Fortune Society was set up to deal with just such challenges. And it does so with what its founders consider to be the most understanding and well-qualified personnel available anywhere: former convicts themselves.

In one-to-one counseling with someone who's been there, those leaving prison get straight talk from equals. Having a shared experience, Fortune personnel nurture a feeling of acceptance on behalf of the ex-offender. They want to build confidence by creating that atmosphere which permits him or her to face and make choices: ''What do you want to do with your life?'' ''What don't you want to continue doing with your life?'' ''What is the best way to make that life productive?'' ''What is the best way to stay off the streets, stay off drugs, break down old habits?''

Answering those questions in a nonthreatening environment can build a bridge from prison experience to the streets, a bridge less fraught with trauma, one that is more productive and helpful to the ex-con.

In addition, Fortune offers individual tutoring. Lack of education has narrowed options for many, and Fortune aims to expand those options. Aided by a host of computers, the all-volunteer tutoring staff helps more than 300 ex-offenders each year work toward reading, writing, and spelling levels that will help them get the jobs they need. Often this means finishing the high school diploma they never received.

And Fortune aids the ex-offender in developing the manner necessary to land the right job: how to dress properly, fill out questionnaires, answer questions, put the best foot forward.

Rodney Taylor, now a Fortune counselor, spent but two years outside prison from 1956 to 1972. He heard about the Fortune Society from his cell neighbor in Attica State Prison. ''When I came out in 1972 I was scared to death. Just even the thought of changing my life style frightened me. The mere thought of having to do something I was not used to doing - things that so-called 'square people' (did), people who worked every day, people who paid their bills, people who tried to take care of their kids, people who did the so-called normal, positive things. Just the thought of that terrified me.''

Set straight by the routine Fortune treatment - counseling, education, and help with job placement - Mr. Taylor returned to become a counselor himself two years later. He has now been out of prison over a decade. Fortune uses him as one of many role models for men who are incarcerated - evidence that people can turn the energy from a negative past into a positive future.
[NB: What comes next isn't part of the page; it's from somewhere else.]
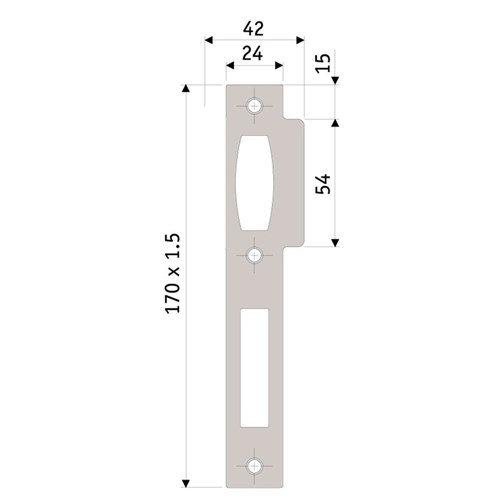 PROTECTOR 712 Series Roller Bolt Mortice Lock 45mm Backset Satin Brass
And just what did Fortune do?

Counselor Theodore Akbar Karim - a prisoner for 10 years - explains the process:

''We're interested in what they want to do about their life. If they want to tell me about their past life or not, OK. I'll share mine with them anyway. Just to get them to open up and let them know that I'm no different than they are. I let them know the only difference between me and them is that I'm doing something about my life in a positive manner and they're not. And I let them know that they can if they want. That's the only difference.''

He says he makes a major effort not to put himself ''above'' the ex-offender. ''I let them know that I'm no figure of authority, that I'm not talking at them or down to them - I'm talking to them and with them. That's what a lot of ex-offenders like, because they've been talked down to all their life.''

Karim himself came to Fortune - drunk, addicted to drugs - at the advice of a bartender. He extols the benefits of one-to-one counseling: ''I'd had counselors in my school, but I didn't talk to them much because they struck me as a father image - an unclear image always talking at you but not really listening to what you said. So I just withdrew in myself. I didn't come out of myself until I came here to Fortune Society and started going to AA (Alcoholics Anonymous) to deal with my drinking problem, drug problem.''

When he arrived here in 1974 at age 31, Karim was unable to read, write, or tell time. He is extremely grateful for the tutoring that enabled him to overcome these disabilities:

''In the past, I could never deal with the classroom scene. Plus I couldn't relate to kids my age. I related to older people. By being here (at Fortune) in one-to-one tutoring, it was very good for me. Because all I had to deal with was the teacher. We became friends as well as teacher and student. That was the difference. I could be human with her. I could talk about my feelings and my weaknesses and my fears and stuff like that. In a classroom setting you can't do this.''

Counseling others while being tutored himself, Karim is just months away from his high school diploma - a goal, he says, that will be the major turning point of his life.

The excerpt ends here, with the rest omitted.